Ousting dictators doesn’t come cheap. Between 2011 and 2015 the total lost economic output in Egypt, Libya and Tunisia is expected to amount to $225 billion. That is at least 10 percent of the cumulative GDP estimated by the International Monetary Fund in 2010 for those five years. The Reuters Breakingviews calculation of the loss for those countries is based on 2012 forecasts.

The estimates, both old and new, are imperfect. It’s also tricky to isolate the impact of the Arab uprisings from the effects of rising commodity prices and a slow global economy. Still, the numbers are plausible. In relatively stable oil importer Morocco, where the Arab Spring has prompted tentative reforms, the cumulative GDP cut is a minimal 1 percent. For Jordan, where the regime is widely identified by analysts as the next most likely in the region to topple, the gap in cumulative expected GDP is 8 percent.

While the importance of economic issues in the Arab Spring is disputed, financial frustrations certainly fanned discontent. From that perspective, the revolutions still have years, or perhaps decades, to go before they improve absolute living standards as political instability has reduced medium-term growth prospects.

One hope is that the growth setbacks will be mitigated by a more even distribution of the wealth that is created. Egypt, Libya and Tunisia each previously enjoyed relatively high GDP growth but a disproportionate share of the riches were captured by too few. Another, greater hope is that better governance will eventually make the Arab Spring nations more productive and deliver a “democratic-dividend”.

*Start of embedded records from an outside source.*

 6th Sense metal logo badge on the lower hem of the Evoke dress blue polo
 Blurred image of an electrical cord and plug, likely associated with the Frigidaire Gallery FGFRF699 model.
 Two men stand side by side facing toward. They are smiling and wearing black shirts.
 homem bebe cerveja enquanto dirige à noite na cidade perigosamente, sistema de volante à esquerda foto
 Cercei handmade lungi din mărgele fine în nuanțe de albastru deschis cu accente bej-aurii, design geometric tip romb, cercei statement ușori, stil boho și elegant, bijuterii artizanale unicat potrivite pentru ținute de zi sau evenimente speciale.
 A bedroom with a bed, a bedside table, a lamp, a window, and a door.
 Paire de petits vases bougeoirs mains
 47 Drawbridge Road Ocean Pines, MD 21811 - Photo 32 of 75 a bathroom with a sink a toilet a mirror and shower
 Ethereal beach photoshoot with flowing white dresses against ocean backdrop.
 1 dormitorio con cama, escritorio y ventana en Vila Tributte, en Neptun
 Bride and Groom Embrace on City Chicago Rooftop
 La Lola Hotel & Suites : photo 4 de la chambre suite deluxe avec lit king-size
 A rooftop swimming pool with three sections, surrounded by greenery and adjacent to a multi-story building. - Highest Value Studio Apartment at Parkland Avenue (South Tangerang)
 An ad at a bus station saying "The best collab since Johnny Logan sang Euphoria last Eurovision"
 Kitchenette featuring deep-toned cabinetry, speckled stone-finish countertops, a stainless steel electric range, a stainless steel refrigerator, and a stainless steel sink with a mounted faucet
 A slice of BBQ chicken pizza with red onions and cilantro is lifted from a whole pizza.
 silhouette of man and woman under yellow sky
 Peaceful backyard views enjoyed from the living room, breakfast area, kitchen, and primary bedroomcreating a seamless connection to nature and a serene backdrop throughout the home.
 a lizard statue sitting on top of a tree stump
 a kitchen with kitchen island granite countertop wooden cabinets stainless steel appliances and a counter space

The worry is that untested governments will struggle to find their way. In Libya, powerful militia groups need to be reined in. Tunisia’s Islamist government must find a consensus between conservatives and liberals. And Egypt’s Muslim Brotherhood, currently facing a currency crisis, will struggle to recover without implementing initially unpopular economic reforms. In the meantime, the high economic expectations of the Arab uprisings will not be met.